11am Lunch of carb, meat, veggie, fruit, and cup of milk (for the young toddlers trying to switch from 2 naps to 1 I tried to feed them a bit early so they could go down for midday nap early if needed

12-3naptime - younger toddlers tended to go down early sometimes and rarely did anyone sleep til 3 unless they had issues falling asleep. Typical nap for everyone was usually 1-2 1/2 hrs

3pm Snack - like cheese & crackers, cookies & milk, juice & muffin, etc (no bottle after nap for toddlers - only the babies)

They typically would eat dinner at home between 5-6pm - some would have a small snack in the car on the way home if there dinner was closer to 6pm. 

Those who had bedtime around 7-8 were cheerful for me during the day. Those that stayed up til 9-10 were crabby those days.


----------



## Mynx

Evie's coming up for 14 months but she's been in this eat/sleep routine for a couple of months now...

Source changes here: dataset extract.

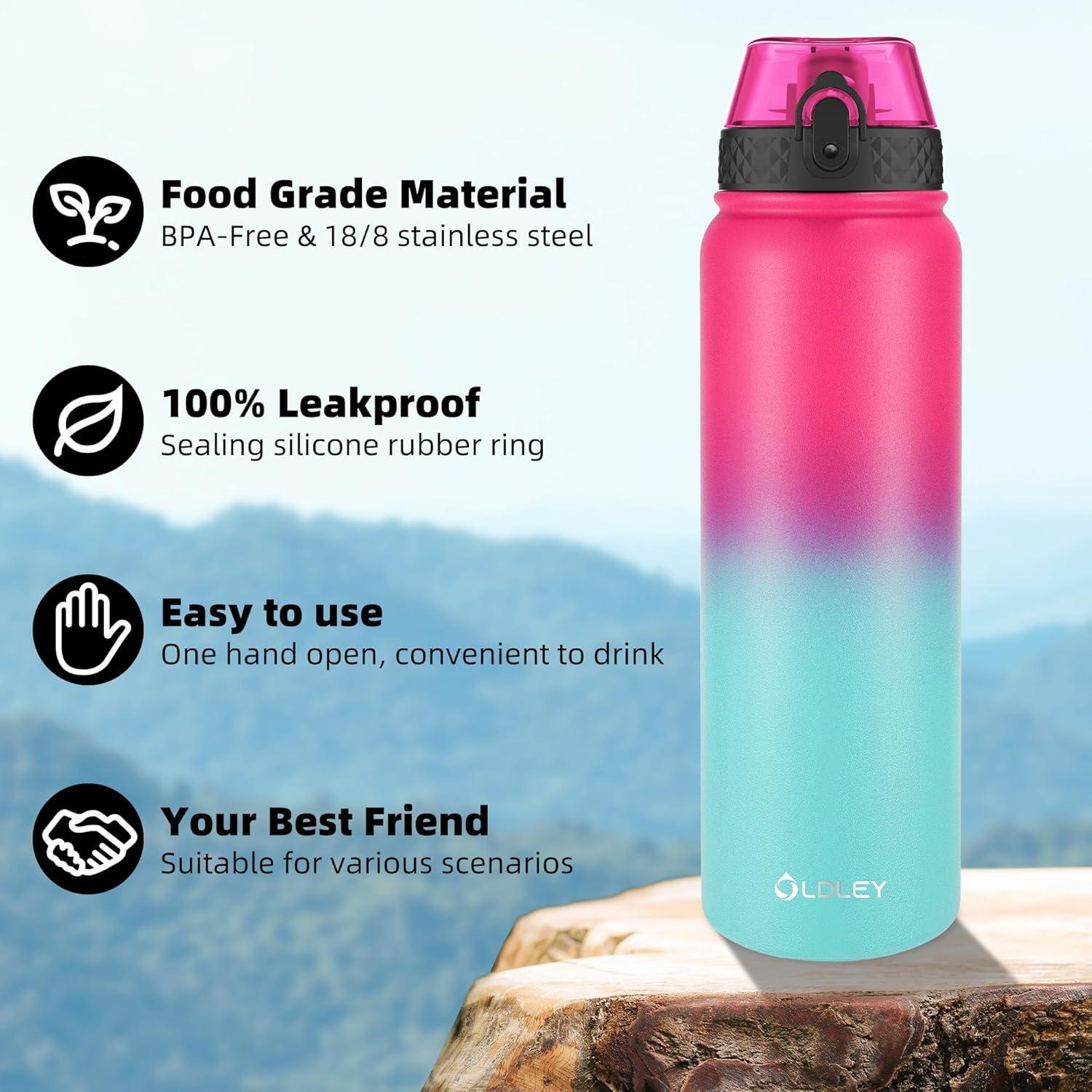 imageOLDLEY Bouteille deau en Acier Inoxydable avec Paille 1L Isotherme Sous Vide Grande gourde en Mtal tanche Garder les Boissons au Chaud et au Froid pour Vlo Camping Sports Gym Adulte Femme HommeRos Vert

Wake up at 7am (ish...sometimes earlier, sometimes later)
8oz bottle at around 7.30am followed by a small piece of toast
Breakfast at around 8.30-9am of porridge (4oz milk in that) followed by half a narna

She'll then have a sleep from around 11am for about an hour to an hour and a half. 

Lunch at about 1pm of a sandwich followed by the rest of her narna
5oz bottle at about 2.30pm
Snack of a yoghurt/fruit/biccie at about 3.30pm
Dinner at 5pm followed by a fromage frais
6oz bottle at around 7.30pm, just before bed which is between 7.30 and 8pm.


----------



## Jchihuahua

Daisy is a terrible sleeper but a fantastic eater. This is her routine.

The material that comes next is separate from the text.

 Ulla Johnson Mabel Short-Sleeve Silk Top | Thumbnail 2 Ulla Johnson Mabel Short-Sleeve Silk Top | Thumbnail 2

She gets up at 4am (although don't want to jinx it but she's been sleeping later a few times over this last fortnight so fingers crossed that will change!)

6:30 breakfast (usually cereal made with cows milk)

7ish a breastfeed before I go to work

8 until 9/9:30: nap

11ish 5oz bottle of EBM

1ish: lunch and water to drink

She then sometimes has a nap after lunch for about 45 mins but not always.

3ish: 5oz bottle of EBM

5: she has her tea, water to drink

6:30 breastfeed then bed


----------



## mrs_rj

Thanks everyone, it's really interesting to see everyones routine.

Well, nursery tried the 1 nap yesterday and she only took half an hou from 1 til 1.30 - she never sleeps very long at nursery as she can probably hear all the others playing! Having said that, it was the first nit in a while last night where she slept solidly from 7 til 7!!! Will see how we go again today xxx


----------



## lisaboo79

jacob was 1 on the 1st jan he generally sleeps through now

8.30am wake up :thumbup:

9am cereal with cows milk

10.30am snack

11.00am 30 min snooze- not all the time

1pm lunch and water 

3pm 4 oz bottle

3.30pm snooze 1-2 hours

6pm tea and water to drink

8pm 5 oz bottle 

8.30pm bed 

ive tried switching in so he goes to bed earlier and wakes up earlier but he is not having it at all, he occasionally sleeps till 9am but it doesnt seem to mess him up


----------



## hattiehippo

Tom was 1 on 23rd December. He usually still has 2 naps but I've recently cut down his sleeps after he started waking at 5am. He's now sleeping till around 7am instead with no more than 2 hours sleep during the day.

His routine is roughly,

7am wake up and 6oz of milk
8.30am breakfast - toast, cheerios and porridge.
10.30 - 11.30am nap
12.30pm lunch sometimes followed by some milk sometimes not.
3-4pm nap
5pm dinner
6pm bath
6.45 - 7pm 8oz bottle of milk and bedtime.

But this week he's had one day when he was awake from 7am to 12.30pm and only had 1 nap and another where he slept from 10.30am to 12pm and then stayed awake until bedtime.


----------